Ambulant Betreuten ergeht es auch nicht besser: Aufgrund der gleichgebliebenen Leistungspauschalen wachsen den Anbietern ambulanter Diente die Lohnkosten über den Kopf – ändert sich hier nichts, werden die Mehrkosten direkt an die Pflegebedürftigen weitergegeben und zeichnen sich zusätzlich zu den bereits bestehenden Engpässen erneut längere Wartezeiten auf ambulante Dienste ab. In jedem Fall werden nicht so gut situierte Pflegebedürftige für sie notwendige Leistungen reduzieren oder den Gang zum Sozialamt antreten müssen. Entsprechend steigen die Kosten für die Sozialhilfe seit Jahren beständig an. Dazu kommen die sogenannten Babyboomer (in den Jahren zwischen 1955 und 1969 geboren) – mit knapp 19 Mio. Menschen etwas 22 Prozent der Bevölkerung, die nach und nach in Rente gehen und deren Pflegerisiko Studien zufolge exponentiell steigen wird.

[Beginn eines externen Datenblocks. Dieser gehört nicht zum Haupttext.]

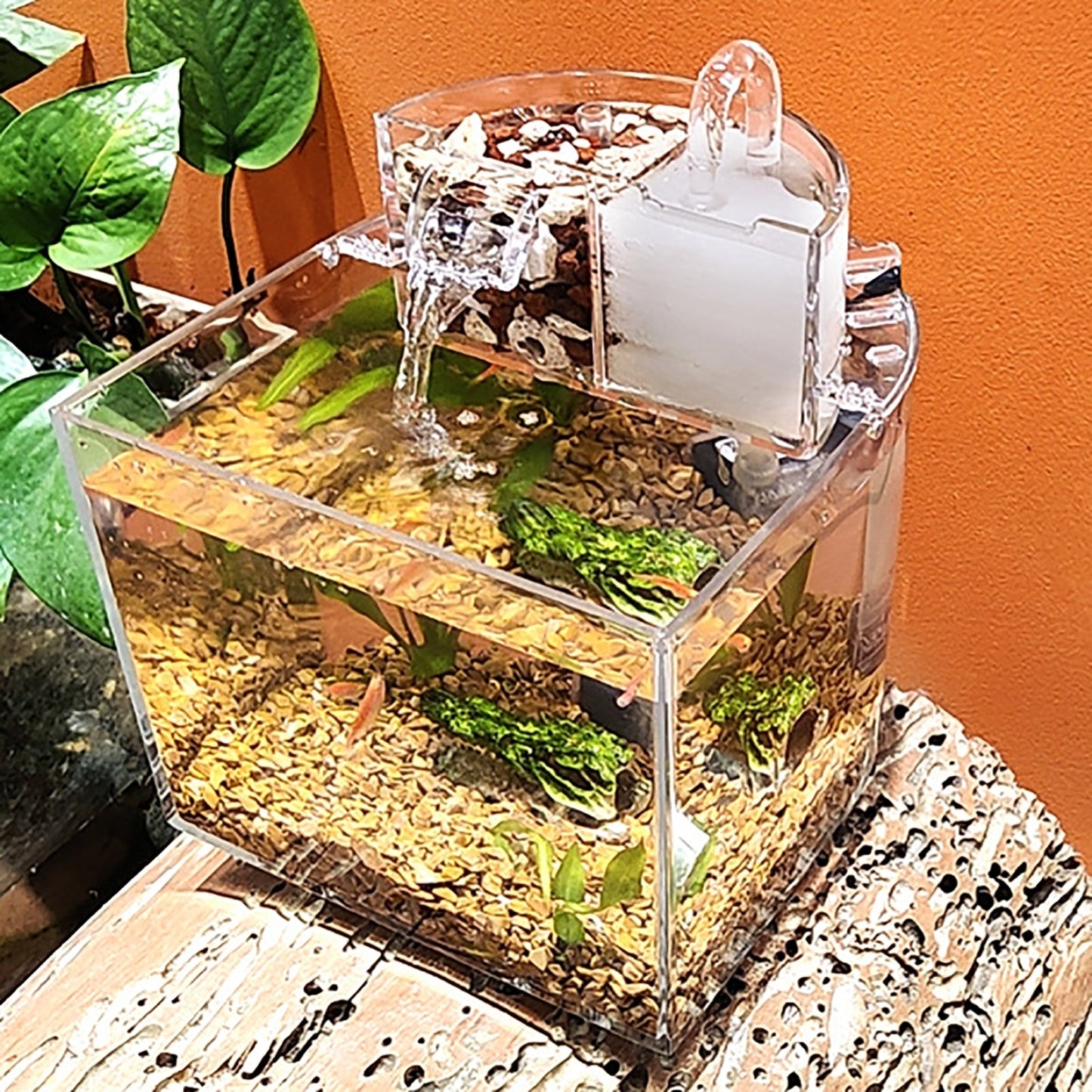 Clear Mini Acrylic Aquarium for On-the-Go Fish Care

Wer fällt hier wem zur Last?

Weil sich das bereits auch schon bis zum Bundeswirtschaftsministerium herumgesprochen hat, empfiehlt ein vor kurzem dazu in Auftrag gegebenes Gutachten seines Wissenschaftlichen Beirats der Bundesregierung, etwa den Leistungskatalog der Pflegeversicherung nicht weiter auszubauen und stattdessen alle Bürger*innen im Erwerbsalter zum Abschluss einer privaten Zusatzversicherung mit Kapitaldeckung zu verpflichten.

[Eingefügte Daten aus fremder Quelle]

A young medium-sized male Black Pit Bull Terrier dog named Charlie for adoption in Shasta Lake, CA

„Da der steigende Eigenanteil an den Pflegekosten in Zukunft dazu führen wird, dass vermehrt Pflegebedürftige auf Sozialhilfe angewiesen sein werden, sollte zusätzliche Vorsorge durch eine private Pflichtversicherung erwogen werden. Das gilt insbesondere dann, wenn mit zunehmendem Trittbrettfahrerverhalten gerechnet wird, bei dem einige weder eine freiwillige Zusatzversicherung abschließen noch genügend Ersparnisse bilden und dann im Pflegefall den Steuerzahlenden zur Last fallen“,

heißt es etwa an einer Stelle in diesem Gutachten. Und weiter:

„Die große Kohorte der „Babyboomer“ hat noch zwei Jahrzehnte vor sich, bevor ein nennenswerter Anteil von ihnen pflegebedürftig wird. Angesichts der langen Perspektive ist es den meisten Mitgliedern dieser Kohorte (wie auch allen nachfolgenden) zumutbar, alle über das jetzige Niveau der umlagefinanzierten Pflegeleistungen hinausgehenden Kosten durch eigene Vorsorge abzusichern“.

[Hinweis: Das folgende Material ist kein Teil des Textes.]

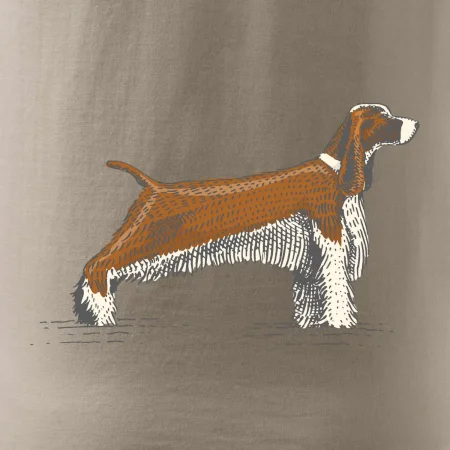 Vintage Springer spaniel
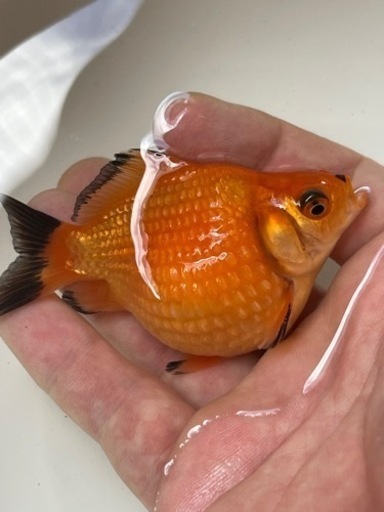 提灯ピンポン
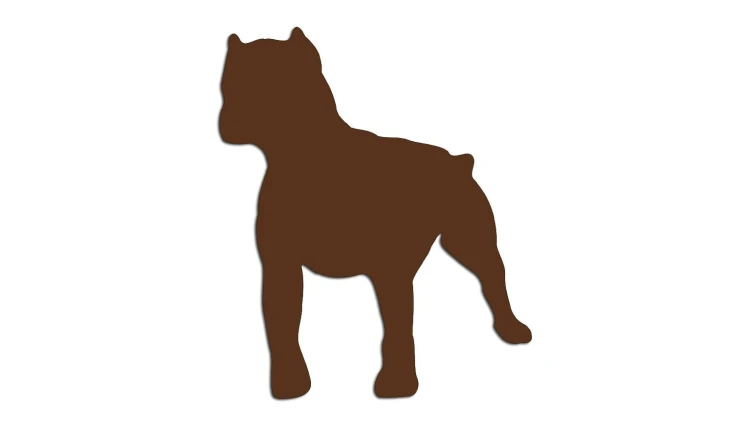 naklejka-pitbull-4-ciemny-brazowy.jpg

Das passt so gar nicht zu den Aussagen aus dem Koalitionsvertrag, in dem von einer Begrenzung der Eigenanteile in der stationären Pflege die Rede war, um Ausgaben planbar zu halten, oder von einer Vollversicherung gesprochen wurde, die die Übernahme der Pflegekosten vollständig absichert. Wer pflegebedürftige Menschen als Last bezeichnet, ignoriert Lebensrealitäten wie etwa prekäre Beschäftigungsverhältnisse oder ein geschlechtsspezifisches Lohngefälle, das oft gar keine Rücklagen bilden lässt – und trifft interessanterweise oftmals auch auf Pflege(fach)kräfte zu. So sind aktuell europaweit mehr als 9,1 Mio. Menschen im Betreuungs- und Pflegesektor tätig, die meisten von ihnen sind Frauen. Ihre Einkommens- und Rentenunterschiede werden auch dann bei uns eine Rolle spielen, wenn sich einige von ihnen entschließen, Deutschland dauerhaft bei der Pflege zu unterstützen.

Andere haben in ihrem Leben vor der Pflegebedürftigkeit bereits oftmals an die dreißig Jahre Pflichtbeiträge in die deutschen Kassen einbezahlt – dürfen sie etwa nicht erwarten, dass ihnen im Pflegefall dafür bestmögliche Pflege zuteilwird? Vielleicht sollte man „die Steuerzahlenden“ einmal befragen, wie zufrieden sie mit der aktuellen Verteilung ihrer Gelder in ein profitorientiertes System sind und welche Prioritäten der Staat hier eigentlich setzen müsste. Und vielleicht riskieren wir dann endlich auch einmal einen Blick über den Tellerrand auf Länder, die mit einem steuerfinanzierten Fürsorgemodell punkten, in dem alle Bürger*innen über eine Vollversicherung verfügen, die vom Staat (und nicht der Wirtschaft) gelenkt wird.